Creating a custom dataset¶

In this tutorial we will learn how to do the following:

Create a custom dataset within Classy Vision
Integrate a dataset with Classy Vision's configuration system
Iterate over the samples contained in a dataset
Using transforms with Classy Vision
Create a ImageNet dataset, using standard transforms, using torchvision

If you haven't already read our Getting started tutorial, we recommend starting there before reading this tutorial.

1. Create a custom dataset within Classy Vision¶

Creating a dataset for use / using an existing dataset in Classy Vision is as easy as it is in PyTorch, it only requires wrapping the dataset in our dataloading class, ClassyDataset.

First, specify a dataset with a __getitem__ and __len__ function, the same as required by torch.utils.data.Dataset

In [ ]:

import torch.utils.data
import torch

class MyDataset(torch.utils.data.Dataset):
    def __init__(self):
        super().__init__()
        self.length = 100
        
    def __getitem__(self, idx):
        assert idx >= 0 and idx < self.length, \
            "Provided index {} must be in range [0, {}).".format(idx, self.length)
        return torch.rand(3, 100, 100)
    
    def __len__(self):
        return self.length

Now for most training tasks we want to be able to configure the batchsize on the fly, transform samples, shuffle the dataset, maybe limit the number of samples to shorten a training run, and then construct an iterator for the training loop. ClassyDataset is a simple wrapper that provides this functionality.

In [ ]:

from classy_vision.dataset import ClassyDataset

class MyClassyDataset(ClassyDataset):
    def __init__(self, batchsize_per_replica, shuffle, transform, num_samples):
        dataset = MyDataset()
        super().__init__(dataset, batchsize_per_replica, shuffle, transform, num_samples)

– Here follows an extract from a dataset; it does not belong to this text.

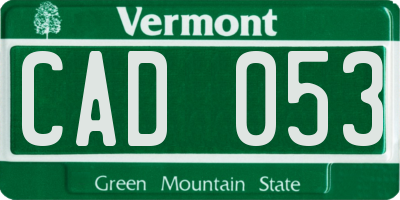 VT license plate CAD053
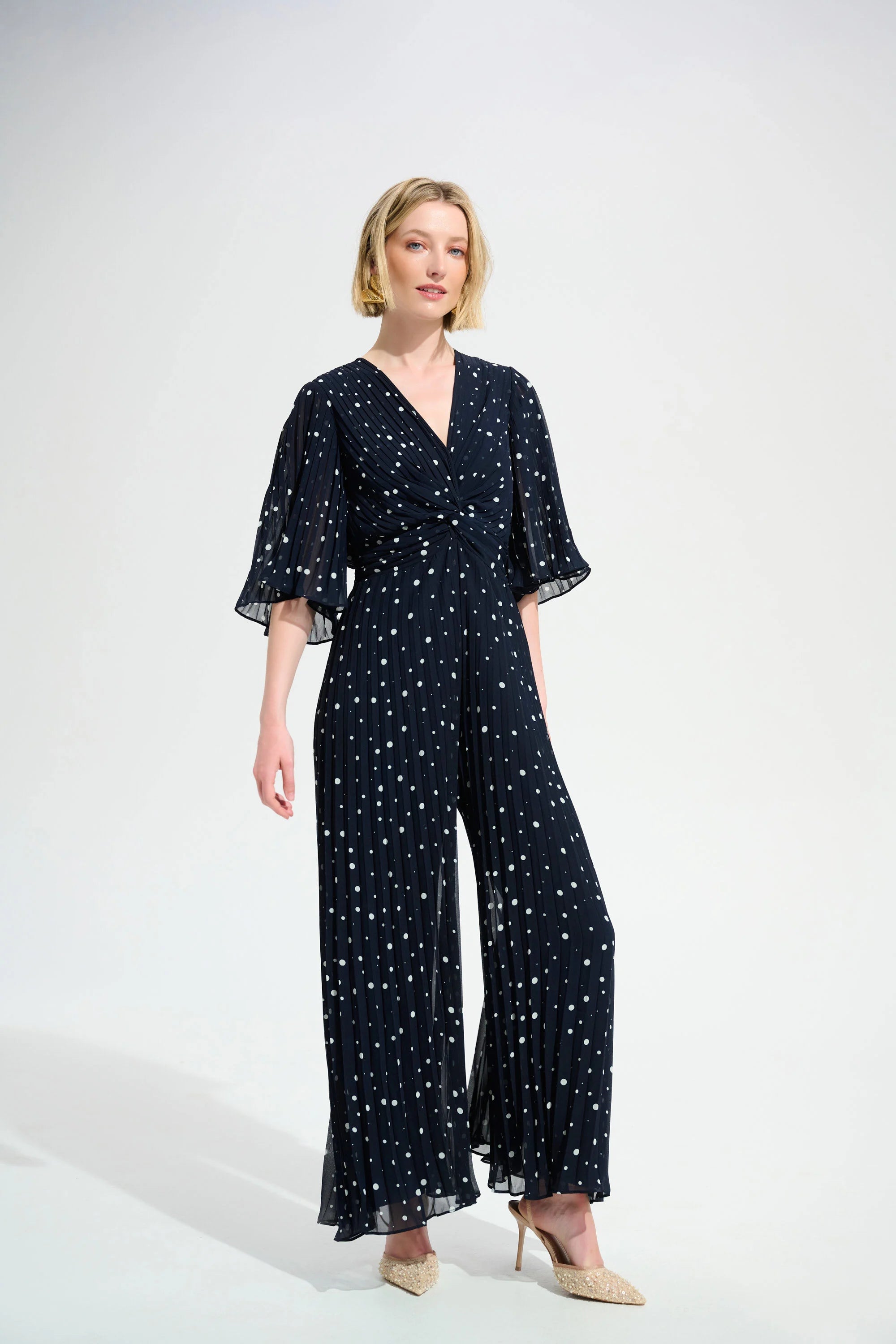 Pleated Chiffon Dot Print Wide Leg Jumpsuit With Knot Detail (261756)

It's that easy! Later in the tutorial we will see how to use the iterator, but before moving on, let's talk about what each of these arguments does.

batchsize_per_replica: the batchsize per trainer (so if you have 8 GPUs with 1 trainer processes and a batchsize_per_replica of 32, then your batchsize for single update is 8 * 32 = 256).
shuffle: If true, then shuffle the dataset before each epoch.
transform: A callable applied to each sample before returning. Note that this can get tricky since many datasets (e.g. torchvision datasets) return complex samples containing both the image / video content and a label and possibly additional metadata. We pass the whole sample to the transform, so it needs to know how to parse the sample...more on this later.
num_samples: Not needed in the standard use cases, but this allows a user to adjust the length of samples retrieved in an epoch, can be convenient for debugging via config (e.g. setting num_samples = 10 will speed up training). By default this is set to None and iteration proceeds over the whole dataset.

To get started with a basic task just do:

In [ ]:

from classy_vision.tasks import ClassificationTask

my_dataset = MyClassyDataset(
    batchsize_per_replica=10, 
    shuffle=True, 
    transform=None, 
    num_samples=None,
)

# Note, the "train" here is the phase type.
# It tells the task to set the model in train mode / do a backwards pass, etc, using our new dataset
my_task = ClassificationTask().set_dataset(my_dataset, "train")

For more details on training a model, please see our Getting started tutorial.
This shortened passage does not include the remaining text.